Göreve başladığınız tarih olan 4 Haziran 2023’ten bu yana kaç kadın cinayeti işlenmiştir? Söz konusu kadınlardan kaçı koruma talebinde bulunmuş ve kaçı hakkında koruma kararı alınmıştır?
“Kadının güçlenmesi” hedefi bakımından kadına yönelik şiddeti azaltma ve kadın cinayetlerini önlemeye ilişkin ne tür ekonomik, sosyal ve yasal tedbirler alınmıştır?
Her üç kadından birinin yoksulluk veya sosyal dışlanma riskine karşın “Kadının Güçlenmesi Strateji Belgesi ve Eylem Planı” çerçevesinde ne tür tedbirler alınmıştır? Bu hususta gerekli çalışmalar yapılmışsa her üç kadından birinin hala bu risk altında olmasını nasıl değerlendiriyorsunuz?
Yaşam Memnuniyeti Araştırması sonuçlarına göre kadınların %35,9’u yaşadığı çevrede gece yalnız yürürken kendini güvensiz hissetmesine ilişkin ne tür tedbirler alınmaktasınız? İlgili paydaş kurumlarla bir işbirliğiniz var mıdır?

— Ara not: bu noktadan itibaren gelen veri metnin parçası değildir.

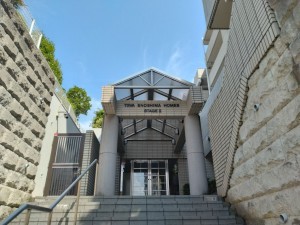 藤沢市片瀬海岸、マンションのエントランス画像です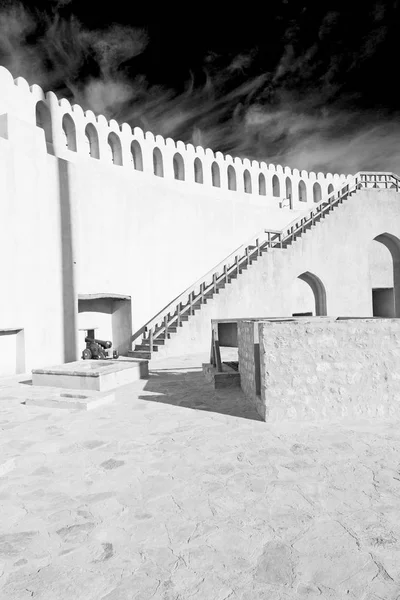 In oman    muscat    the   old defensive  fort battlesment sky a — Stock Photo, Image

Kadının Güçlenmesi Strateji Belgesi ve Eylem Planının, ‘kadının güçlenmesi ve toplumsal statüsü’ bakımımdan gerekli etki analizleri yapılmış mıdır? “Eğitim, ekonomi, sağlık, karar alma mekanizmalarına katılım ve medya” gibi temel eksenlerde belirlenen hedeflere ulaşma oranı nedir?
Söz konusu planlarda özel politika gerektiren gruplar olarak tanımlanan “Kız çocukları, engelli kadınlar, yaşlı kadınlar, kırsal alanda yaşayan kadınlar, geçici koruma/uluslararası koruma başvurusu veya statüsü sahibi kadınlar, tutuklu ve hükümlü kadınlar, şiddet mağduru kadınlar, yoksul kadınlara” ilişkin ne tür özel politikalar yapılmıştır? Bu politikaların yeterli iyileşme sağladığını düşünüyor musunuz?